To be fair, to criticize the Chinese swimmer for her amazing accomplishment and claim it was fueled by drugs. And NOT say the same of Missy Franklin's even MORE impressive performance is disingenuous. And it is quite the double standard. I don't think it is fair to criticize either swimmer, but if you insist that Shiwen's performance is suspect, then you also have to do the same in looking at Missy Franklin's performance.


----------



## jorgy (Oct 21, 2005)

rook said:


> Sorry, the time splits were correct. The distances listed were not, as was readily admitted. Lochte, as you have repeatedly said, did win the 400IM. I heard you the first time. The frenchman Agnel won the 200 free, and Lochte finished 4th.
> Ryan Lochte fourth in Olympics 200-meter freestyle
> 
> The analogy to Missy Franklin still stands, irrespective of your opinion that Janet Evans performances in 1996 is a better analogy. Missy Franklin, is THE story, of this Olympics. At least, she is for American swimming. What she did yesterday is nothing short of spectacular. To have to swim, basically two events back to back at Olympic world-class level, and then come back to set the 4th fastest time in the history of the 100M backstroke is out-of-this world.
> ...


What time splits were correct? Huh? You're talking about a completely different race. It's unclear exactly what race you pulled the time splits from. The 200 free (Phelps didn't race) or the 4x100 relay. In either case, they are irrelevant to the discussion.

I found Shiwen's performance 'interesting' from the get-go. An improvement of 5 seconds over her previous PR is monumental. Also, Shiwen's 400IM race was on Saturday. Missy Franklin's two races were yesterday, Monday.

I don't do time travel, and I don't think anyone else does either. To get bent out of shape that Missy Franklin Missy Franklin wasn't mentioned right away in this thread is irrational.


----------



## rook (Apr 5, 2009)

jorgy said:


> What time splits were correct? Huh? You're talking about a completely different race. It's unclear exactly what race you pulled the time splits from. The 200 free (Phelps didn't race) or the 4x100 relay. In either case, they are irrelevant to the discussion.
> 
> I found Shiwen's performance 'interesting' from the get-go. An improvement of 5 seconds over her previous PR is monumental. Also, Shiwen's 400IM race was on Saturday. Missy Franklin's two races were yesterday, Monday.
> 
> I don't do time travel, and I don't think anyone else does either. To get bent out of shape that Missy Franklin Missy Franklin wasn't mentioned right away in this thread is irrational.

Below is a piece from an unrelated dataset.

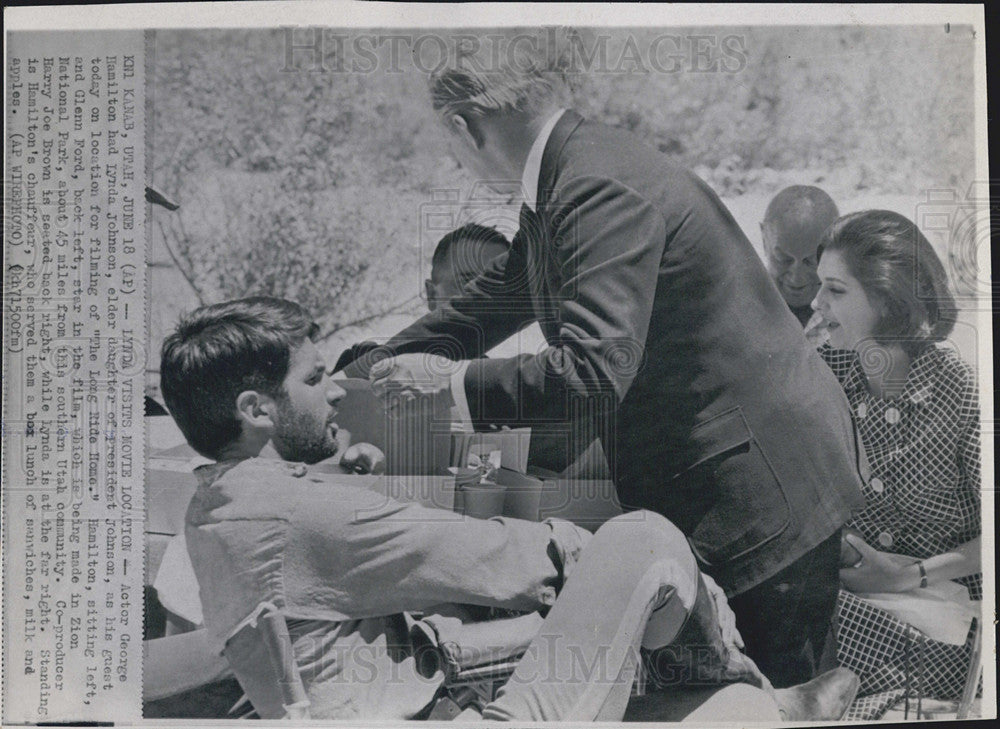 1966 Press Photo Actor George Hamilton With Guest Lynda Johnson Filming Location - Historic Images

Doesn't matter. Ian Thorpe came to Shiwen's defense yesterday on the BBC saying that he improved by over 5 seconds in his freestyle event as a teenage prodigy. Check out USA Swimming's website. Look at Franklin's time in the backstroke in the Pan Am games from last year. She lopped off huge amounts of time in a little over a year. It isn't unheard of especially for these up-and-comers.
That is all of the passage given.